Recently, in Nature Microbiology, Sean Bay and colleagues discovered that a large portion of soil microbes—mostly heterotrophs—use trace gasses as supplemental energy sources across diverse soil types (Bay, et al 2021).
The finding that trace gas oxidization is so widespread in soil and occurs across the bacterial tree of life is new and exciting. Trace gasses are ubiquitous in the atmosphere and are pervasive in soil where they are produced and consumed by microbes. As outlined in the accompanying News & Views article, accounting for trace gas metabolism may affect the way we interpret carbon use efficiency (CUE) in soil ecosystems (Carini, 2021).
Despite the interesting finding that trace gas oxidation is so widespread, I found myself drawn to a more subtle aspect of the paper: the ubiquity and abundance of formate oxidation marker genes (from their Figure 1). Formate (CHOO−) is a low molecular weight volatile organic acid that is present and sometimes abundant in soils as a constituent of plant root exudate, a product of microbial metabolism, and the result of several abiotic reactions. Like trace gasses, soils are implicated in the balance of atmospheric formate, though constraining these fluxes has been challenging (Mielnik, et al. 2018).
Aerobic degradation of formate is primarily performed by microbes coding for the formate dehydrogenase enzyme. Formate dehydrogenase oxidizes formate to carbon dioxide and captures the released energy in the form of electrons to use for respiration. Some microbes can fix the resulting carbon dioxide into new biomass through autotrophic carbon fixation pathways. Thus, much like the oxidation of trace gasses, aerobic soil microbes may oxidize volatile formate for use as an auxiliary energy source.

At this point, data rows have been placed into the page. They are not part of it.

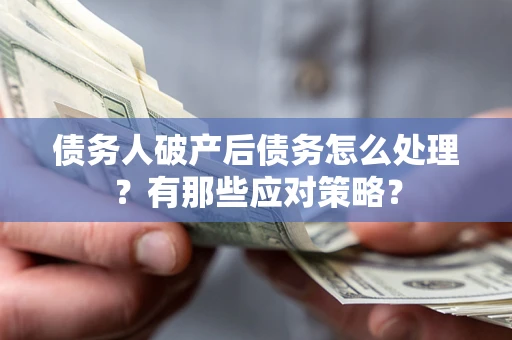武汉债务人破产后债务怎么处理？有那些应对策略？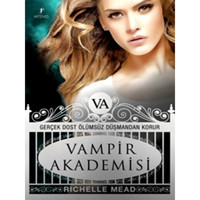Vampir Akademisi - Vampir Akademisi 1.Kitap - Richelle Mead - Artemis Yayınları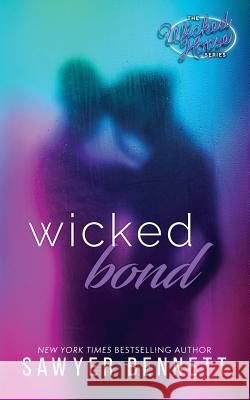 Wicked Bond Sawyer Bennett 9781940883496 Big Dog Books, LLC - książka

King and Weber proposed the concept of ‘carboxydovory’ to describe the metabolism of microbes that oxidize carbon monoxide to carbon dioxide but cannot use carbon monoxide as a sole carbon source (King & Weber, 2007). They speculated that carbon monoxide oxidation may be used as a supplemental energy source or to fuel mixotrophic growth. The new paper by Bay and colleagues show that carboxydovory is indeed widespread in soils.
Sun et al. (2011), extended the carboxydovory concept to organic compounds—specifically, C1 methylated compounds or methyl groups derived from organic matter—to coin the term “methylovory.” Methylovory in this context describes the oxidation of one-carbon compounds (or methyl or formyl groups) extracted from a suite of simple-to-complex molecules as a source of energy, but not a source of carbon for new biomass production (Sun, et al. 2011). That is, methylovores have a partially bifurcated metabolism in which the respiration of organic C1 compounds is decoupled from the assimilation of organic carbon for new biomass production.
In addition to showing the widespread nature of trace gas metabolism, Bay’s work shows that the use of formate or formyl groups derived from organic compounds appears to be a widespread form of methylovory in soil. While free formate is ubiquitous in soil, we know very little about the abundance and ubiquity of formyl groups bound to soil organic matter. Deformylase and formamidase enzymes catalyze the cleavage of formate from diverse organic compounds. Cleaved formyl groups from soil organic matter may be an important energy source for microbes that code for both formate-cleaving enzymes and formate dehydrogenase. Thus, formylovory—the use of formate or formyl groups derived from soil organic matter as an energy source—is potentially a widespread activity in soil microbiomes.
The way that microbes extract energy from compounds found in soil vapors is reminiscent of the discovery that bacterial rhodopsins are prevalent and active in marine microbes. Bacterial rhodopsins are proteins found in surface-dwelling marine heterotrophs that allow cells to derive energy from sunlight (Béjà, et al. 2000). This ‘passive’ energy generating mechanism confers several benefits for marine bacterioplankton in sunlit waters, including increased fitness during long-term starvation (Gómez-Consarnau, et al. 2010), sustained nutrient transport in carbon-limited conditions (Steindler, et al. 2011), and growth stimulation (Gómez-Consarnau, et al. 2007). In part, these benefits arise because rhodopsins subsidizes part of the cellular energy requirement that would otherwise come from organic carbon, thus allowing a larger fraction of consumed carbon to be allocated toward growth or cell repair.
Although the oxidation of gaseous or volatile compounds and rhodopsin-mediated energy generation are biologically distinct processes, soil gasses and volatile organic compounds found in soil vapors are an ever-present diffuse source of energy in soil, much like sunlight is omnipresent in the surface ocean. Future studies will undoubtedly reveal that, like proteorhodopsin, the compounds found in soil vapors offer a multitude of physiological and survival benefits for soil heterotrophs.